Dear Ms. Smartphone: Friends of mine have a private airplane and they impress on me the importance of the ‘black box’ that can record errors or mechanical failures. I don’t have an airplane, but curious if cars need their own version of a black box. This got me thinking I would install a web camera in my own car, a Toyota Prius. It’s not a black box but it could notify me if anything went wrong. Do you think that a web camera in the car is a good idea? Gerard, Berkeley
Dear Gerard: My first reaction is that pedestrians and bikers are going to demand their own versions of a black box and mount webcams on their forehead. When they travel they are at far greater risk than drivers! Then we all be in court disputing one another rather than enjoying the open road.
But, on second thought, the web camera in a car can be a good idea, even if you are not at risk of an accident. Today police vehicles, commercial vehicles, and fleets use them because they help monitor conditions in the field. It’s less commonly known that some high-end vehicles like the Tesla Y also have these cameras installed. One of my family members was surprised, but then delighted to discover that his vehicle had a webcam with loop recording. Police alerted him to this hidden camera after the front-end of his vehicle was damaged by flying debris. The webcam helped identify the culprit, a driver in a rogue pick up truck. About 11 to 12 percent of auto accidents in the US involve hit and run drivers (or debris) and the webcam can help you with the identities.
Front, Rear, & Social:
Hopefully you will not be in that situation and can use your webcam for more amusing purposes. One of them would be to post eclectic and novel footage to Instagram or Reddit. A site on Instagram social media that always brings a smile is called @Bad Prius Drivers. Just a note of caution here before you use the web cam for social media. Most people make an attribution error and assume that they are good drivers but other people behind the wheel are not as capable. It’s best to install a camera that does dual-purpose, both front and rear -end views. Rear end accidents are the most frequently occurring type of collision, accounting for about 29 percent of all crashes and resulting in a substantial number of injuries and fatalities each year. Not something you learn about on the Instagram site.
If your idea of entertainment is more data minded you can also use the webcam to good purpose and learn about the wild life. In a transportation paper that sampled 96 moose-vehicle collisions, researchers analyzed the webcam footage in a novel way. They measured the effects of road conditions, weather, moose behavior and driver response. They developed a useful statistical model and have some helpful conclusions should you encounter a a near-miss with a moose (hint: vehicle slows).

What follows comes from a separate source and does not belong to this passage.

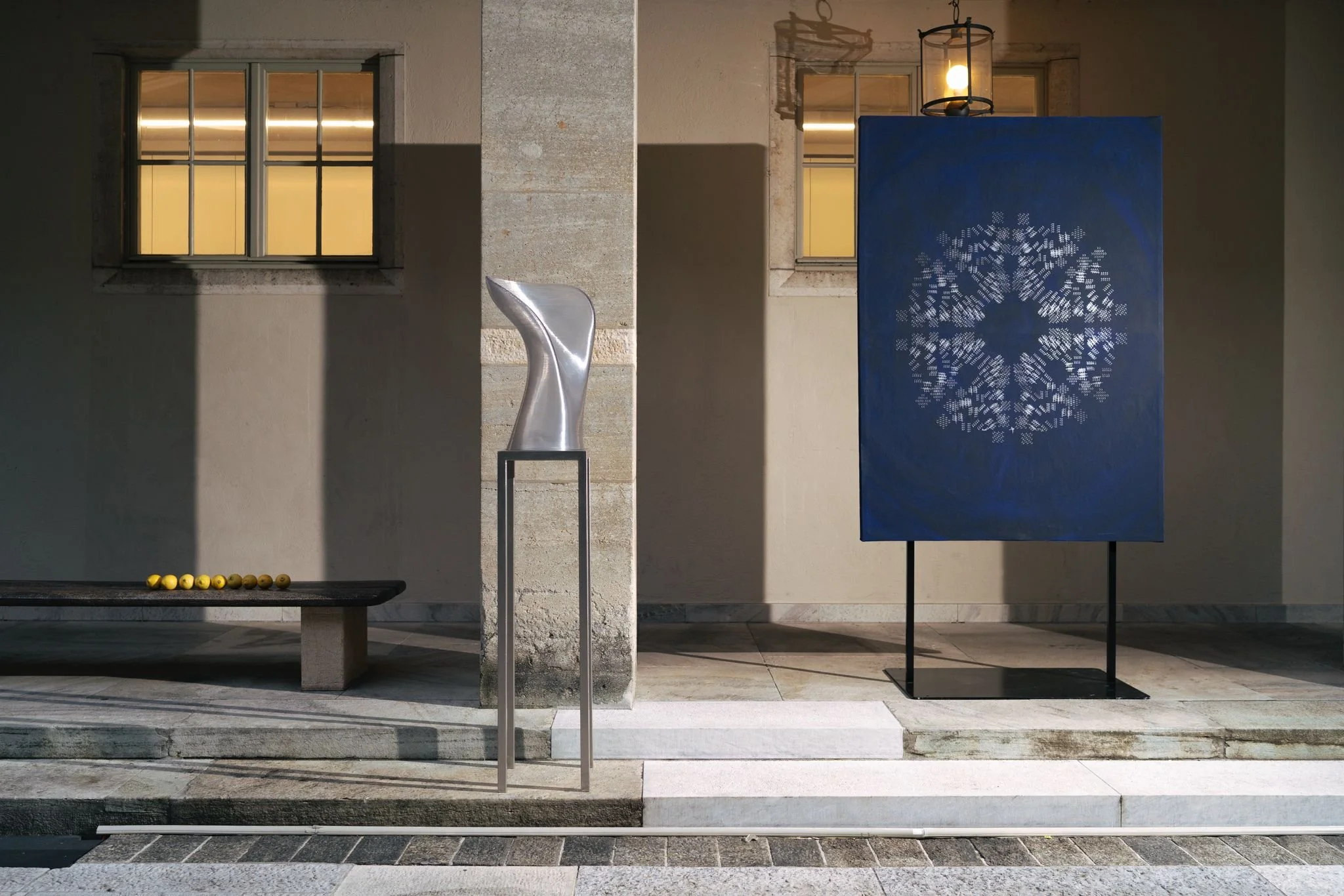 Exterior view of a modern building at night with two windows, a stone pillar, a bench with yellow balls, a metallic sculpture, a blue decorative panel with a geometric pattern, and a hanging lantern.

Perhaps you will not encounter a moose, but be prepared to drive in a car with a webcam relatively soon. As vehicles get increasingly automated and closer to autonomous, webcams are going to become as essential as black boxes are to airplanes. Cameras enable these cars to interpret road conditions and send them to a computer for processing. These cameras, unlike the ones that you install in your car today, will send data back and forth and completely track your journey. Today’s webcam is resident within your vehicle and presumably has an on -and- off switch for privacy.